Conviene chiedere aiuto se:

  • il problema dura più di 3 mesi o si ripete a ondate e ti sfianca;
  • hai sonnolenza importante di giorno o colpi di sonno (specie se guidi/lavori in sicurezza);
  • russi forte, ti svegli “soffocando” o ti riferiscono pause respiratorie;
  • compaiono ansia/depressione marcate o uso frequente di alcol/farmaci per dormire;
  • hai dolore, reflusso o altri disturbi fisici che spezzano il sonno.

Un professionista può aiutare a capire se si tratta di insonnia “pura” o se c’è un disturbo associato (per esempio respiratorio) e indicare il percorso più adatto.

FAQ

Quante ore deve dormire un adulto per stare bene?

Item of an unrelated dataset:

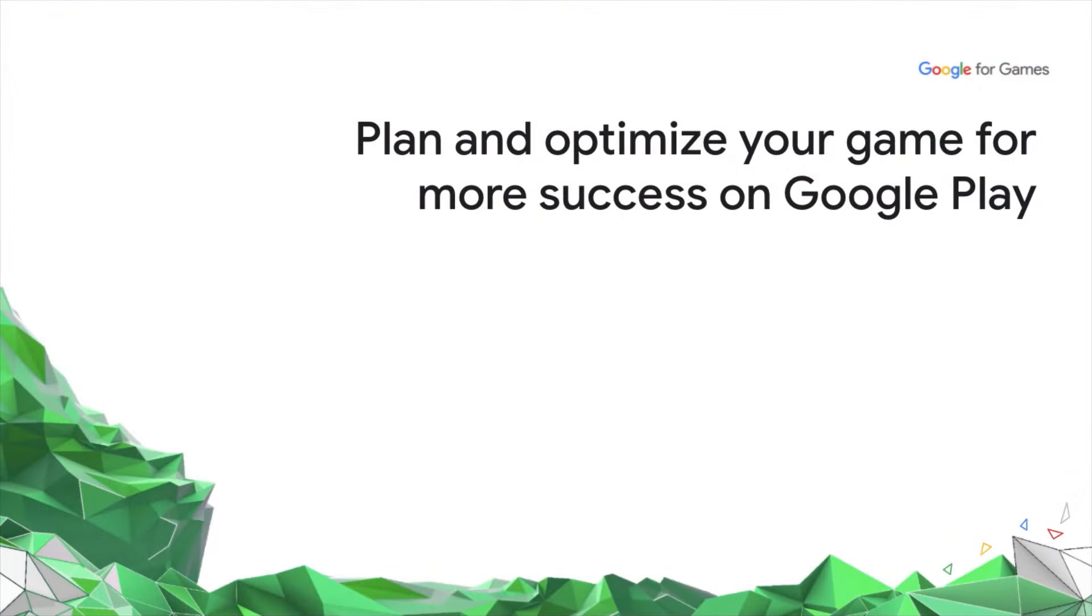Hello, my name is Lauren Mitten, and I'm a product manager in Google Play. Today, I'm going to talk to you about how you can make your game more successful on Google Play.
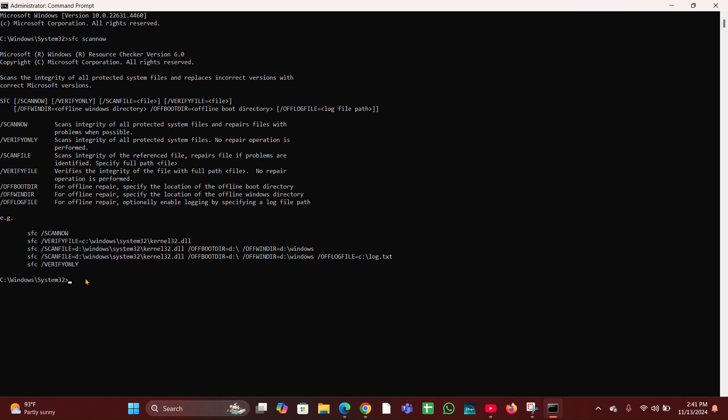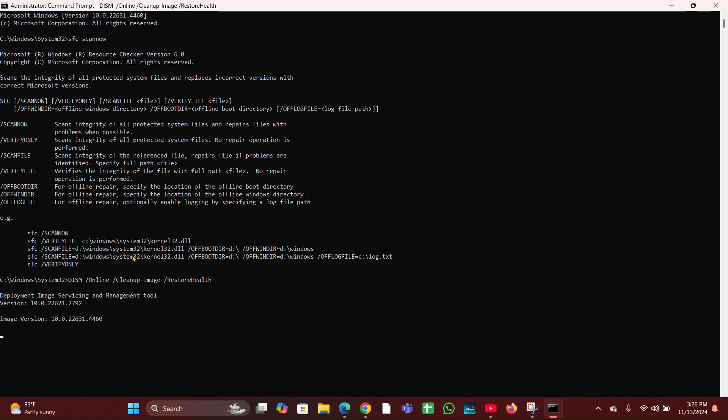After that runs, type the next command: DISM space /online space /cleanup-image space /restorehealth. Then press enter.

Per molti adulti un buon riferimento è 7–9 ore. Conta però anche la qualità: risvegli frequenti o sonno non ristoratore possono farti stare peggio anche con “le ore giuste”.

L’insonnia è definita da un numero minimo di ore?

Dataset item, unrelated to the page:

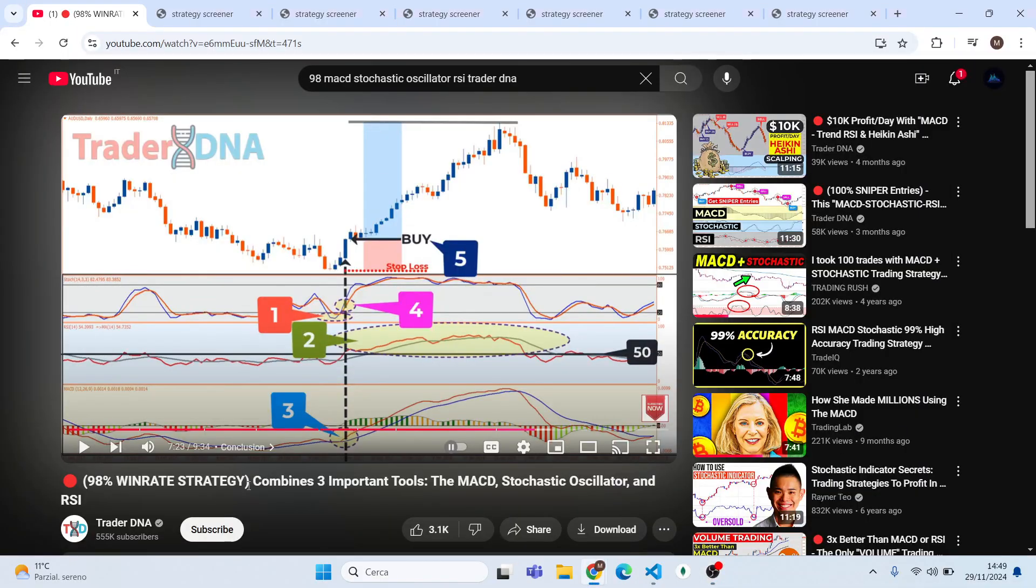Hello guys and welcome back to the channel. Today I have found only for you a new high win rate strategy with 90% win rate. This strategy uses only 3 indicators: MACD, Stochastic, and RSI. The strategy is from TraderDNA. I will leave the link of this video in the description so you can check it for the basic conditions.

No. L’insonnia riguarda soprattutto difficoltà di addormentamento/mantenimento e impatti diurni. Alcune persone dormono poche ore ma stanno bene (rare “short sleepers”), altre dormono 7 ore e sono a pezzi.

Cosa posso fare se mi sveglio alle 4–5 e non mi riaddormento?

Evita di restare nel letto in agitazione: luce bassa, attività tranquilla, niente schermi “sparati”, poi riprova. Se il fenomeno è frequente, lavora su orari regolari, luce al mattino e routine serale.

Quando è il caso di rivolgersi a uno specialista del sonno?

Se i disturbi durano mesi, compromettono la giornata o ci sono segnali come russamento importante, pause respiratorie o sonnolenza diurna marcata.

N.B. Questo contenuto ha finalità informativa e non sostituisce parere, diagnosi o terapia del medico.